Even though fall's cooler temperatures cause plant growth to slow, plants continue to produce internal food reserves. Many perennial plants shift excess nutrients to roots during autumn, creating a nutritional storehouse they can draw from when spring's warmer days arrive.

Grass follows this growth pattern, storing nutrients in roots throughout fall. As air temperatures drop, blade growth slows, but roots remain active. A fall fertilizing fuels turf roots, which enables it to produce and store more winter food reserves. When spring's warm air temperatures arrive and grass blade growth resumes, roots have a readily available supply of nutrients, which favors a quick spring green-up and thick growth. A thicker lawn helps elbow out Crabgrass and other weeds.

Warm-Season Turf

In areas where freezes occur and warm-season lawns go dormant during winter, you shouldn't fertilize after September 1. These warm-season grasses include Bermudagrass, St. Augustinegrass, Centipedegrass and Zoysiagrass.

If grass stays green through winter, you can apply an early fall fertilizer that provides a readily available, soluble nitrogen source. This causes turf to grow and thicken, which can help crowd out winter weeds. Use modest application rates, especially if you have sandy soil, to avoid having the bulk of your nitrogen leach out of soil into groundwater.

Cool-Season Turf

In northern regions where lawns feature cool-season grasses, such as Fescue, Kentucky Bluegrass and Perennial Ryegrass, it's especially important to prepare turf for winter. Cool-season turfgrasses actually experience their peak growth in autumn and respond to fertilizer with strong growth.

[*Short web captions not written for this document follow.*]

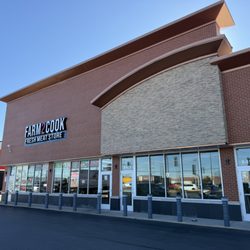 Farm 2 Cook - Strip mall storefront.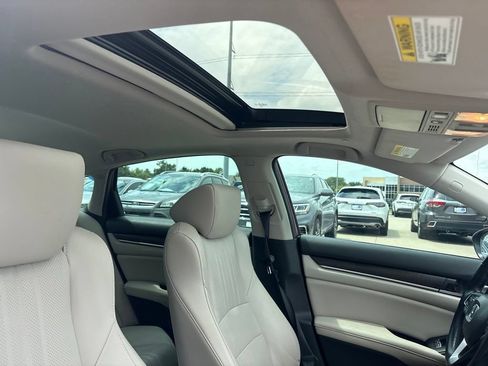 Used 2020 Honda Accord Touring image 31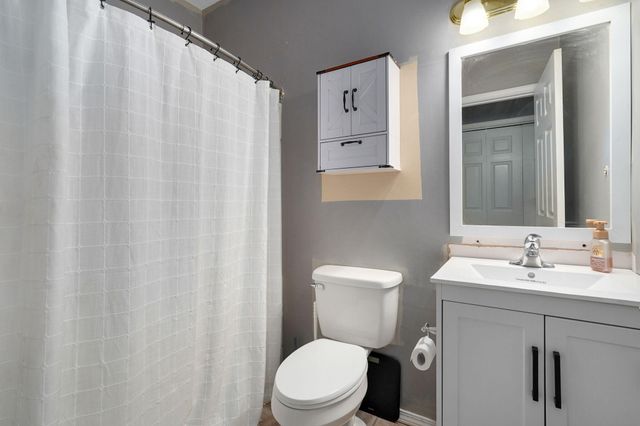 514 Chapel Hill Court, Nixa, MO 65714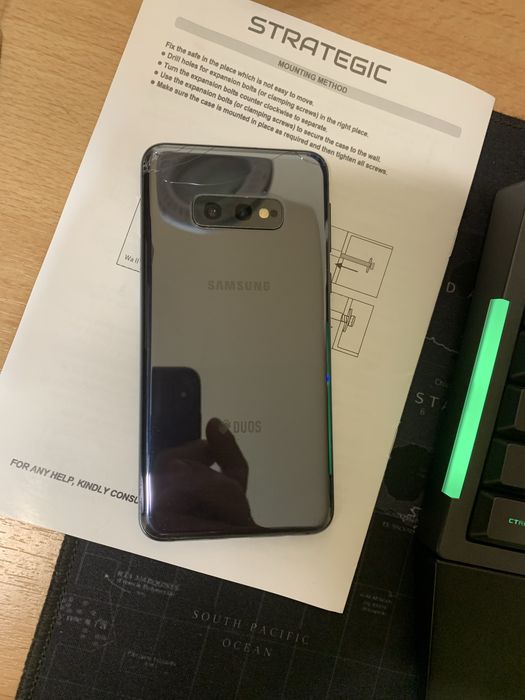 Samsung Galaxy S10e, 128gb, 6gb ram, stare perfecta de functionare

Some lawn-care professionals recommend that if you only fertilize cool-season grasses once a year to do so in the fall, because the fertilizers available in this season offer more balanced nutrition. These fall fertilizers are often sold as a "winterizer fertilizer."

Fall Fertilizer Timing

Fertilize warm-season grasses in early fall. For most locations where cool-season grass grows, apply fertilizer in October or November. The farther north you're located, the sooner you'll apply it. Check with your local extension service or garden center for precise timing for your locale. If cold air arrives early and grass begins to discolor before you've applied fertilizer, don't apply it.

How To Apply

Use a lawn spreader to apply the fertilizer. Before application, clear the lawn of all leaves. If you're using a fertilizer plus weed control, follow label directions for timing. Most weed control products need to be applied to moist grass so the herbicide can stick to leaves.

Put the Lawn to Bed

Continue mowing the lawn until grass stops growing. For the final mowing, lower the cutting blade and use a bag attachment to catch any leaves, sticks, weed seeds, or other yard debris. Sending the lawn into winter as clean as possible helps to eliminate snow mold, which develops when snow remains on soil that's not completely frozen. Long grass or leaves that mat together provide ideal conditions for snow mold to develop.